BEGIN

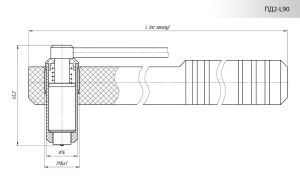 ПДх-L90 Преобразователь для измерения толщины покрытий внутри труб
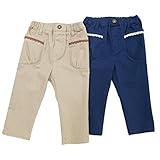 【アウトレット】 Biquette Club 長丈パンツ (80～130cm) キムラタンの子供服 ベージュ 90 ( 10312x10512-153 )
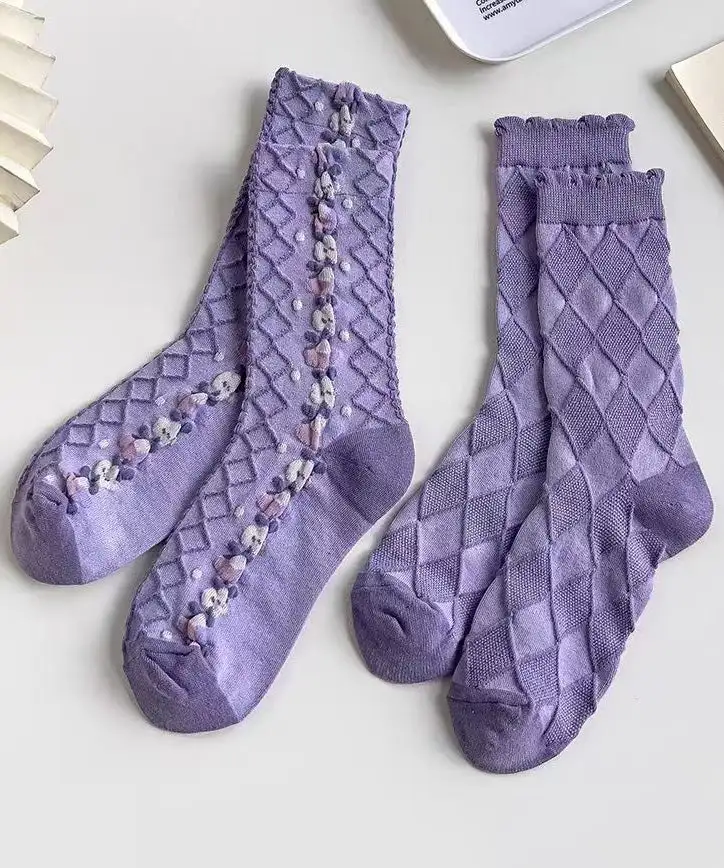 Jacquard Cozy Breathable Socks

END
BEGIN

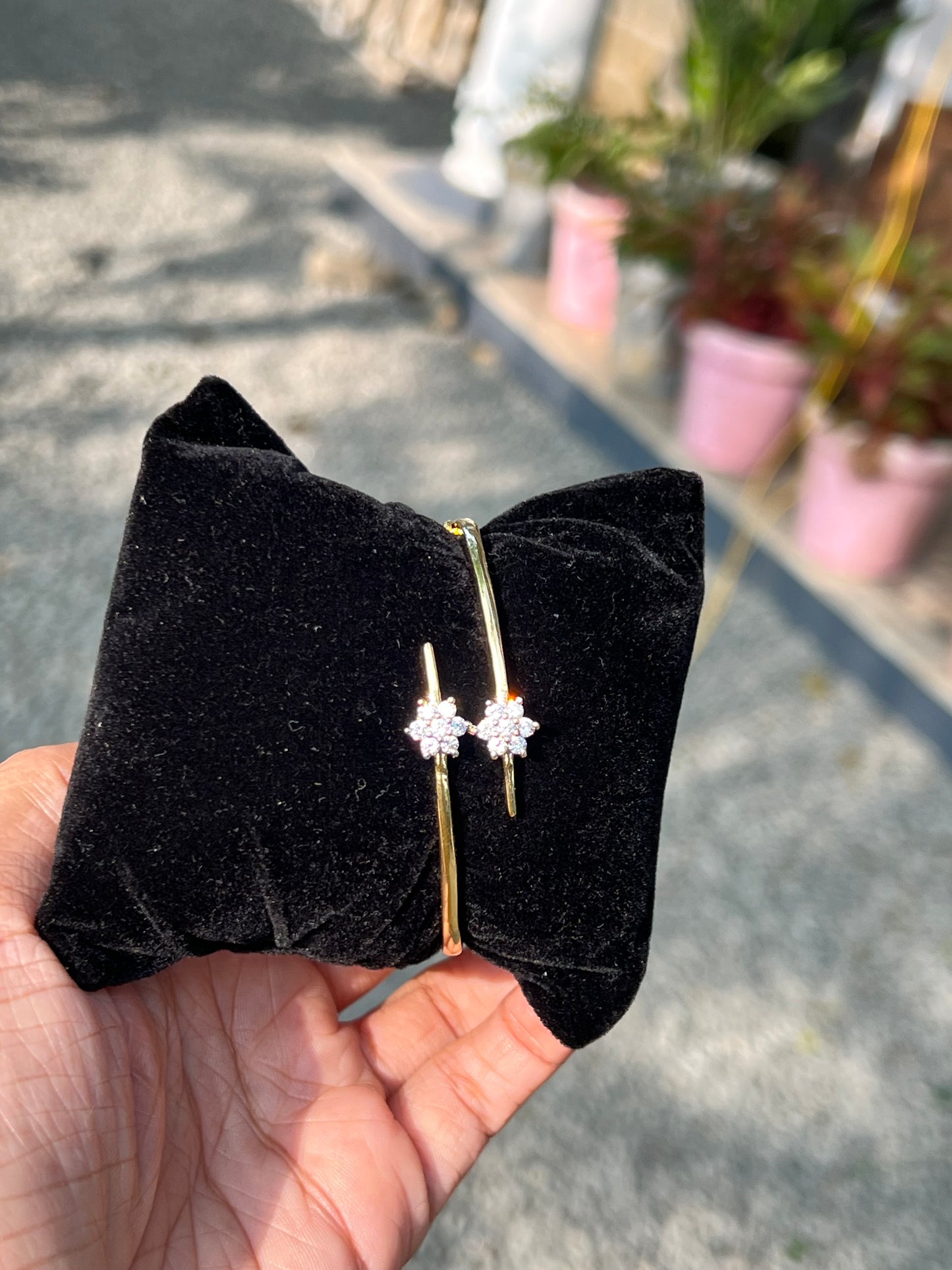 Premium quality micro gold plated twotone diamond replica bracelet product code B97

END

PROBLEM TO SOLVE: Exactly as written above, retype the lines starting at the one holding "ПДх-L90 Преобразователь для" and ending at the one holding "Jacquard Cozy Breathable Socks", both included, but not the pictures.

ANSWER FOR THE TASK:
 ПДх-L90 Преобразователь для измерения толщины покрытий внутри труб
 【アウトレット】 Biquette Club 長丈パンツ (80～130cm) キムラタンの子供服 ベージュ 90 ( 10312x10512-153 )
 Jacquard Cozy Breathable Socks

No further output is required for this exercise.